(Web page caption snippets)
+---+
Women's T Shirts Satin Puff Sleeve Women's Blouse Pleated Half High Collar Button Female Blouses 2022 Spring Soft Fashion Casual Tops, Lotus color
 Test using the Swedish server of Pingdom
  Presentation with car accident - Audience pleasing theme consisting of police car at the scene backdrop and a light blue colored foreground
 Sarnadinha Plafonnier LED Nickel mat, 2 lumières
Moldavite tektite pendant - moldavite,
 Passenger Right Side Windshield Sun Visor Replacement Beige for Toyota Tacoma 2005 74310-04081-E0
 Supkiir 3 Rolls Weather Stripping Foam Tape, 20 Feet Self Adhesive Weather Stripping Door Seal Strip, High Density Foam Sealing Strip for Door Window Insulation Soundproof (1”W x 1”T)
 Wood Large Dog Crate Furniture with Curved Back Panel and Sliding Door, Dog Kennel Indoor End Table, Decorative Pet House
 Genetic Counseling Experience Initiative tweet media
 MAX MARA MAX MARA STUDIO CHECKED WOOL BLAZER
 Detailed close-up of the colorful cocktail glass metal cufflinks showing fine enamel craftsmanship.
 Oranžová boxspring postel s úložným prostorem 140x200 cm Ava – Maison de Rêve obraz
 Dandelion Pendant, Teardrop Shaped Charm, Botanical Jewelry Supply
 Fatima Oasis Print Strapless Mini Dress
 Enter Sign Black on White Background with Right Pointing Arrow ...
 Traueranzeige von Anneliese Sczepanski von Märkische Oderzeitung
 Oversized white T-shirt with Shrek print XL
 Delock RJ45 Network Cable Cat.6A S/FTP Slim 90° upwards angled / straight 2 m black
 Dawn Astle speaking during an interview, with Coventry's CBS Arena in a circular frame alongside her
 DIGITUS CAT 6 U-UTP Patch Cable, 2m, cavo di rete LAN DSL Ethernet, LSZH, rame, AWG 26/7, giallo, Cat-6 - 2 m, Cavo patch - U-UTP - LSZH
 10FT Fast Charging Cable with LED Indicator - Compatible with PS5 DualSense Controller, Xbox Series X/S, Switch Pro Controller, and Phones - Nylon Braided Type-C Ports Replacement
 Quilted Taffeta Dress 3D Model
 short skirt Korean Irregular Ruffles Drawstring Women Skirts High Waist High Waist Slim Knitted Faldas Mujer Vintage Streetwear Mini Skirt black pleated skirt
+---+
Scan the lines above for "Delock RJ45 Network" and for "DIGITUS CAT 6". Repeat exactly the line holding each of them and every line in between.

■ Response
 Delock RJ45 Network Cable Cat.6A S/FTP Slim 90° upwards angled / straight 2 m black
 Dawn Astle speaking during an interview, with Coventry's CBS Arena in a circular frame alongside her
 DIGITUS CAT 6 U-UTP Patch Cable, 2m, cavo di rete LAN DSL Ethernet, LSZH, rame, AWG 26/7, giallo, Cat-6 - 2 m, Cavo patch - U-UTP - LSZH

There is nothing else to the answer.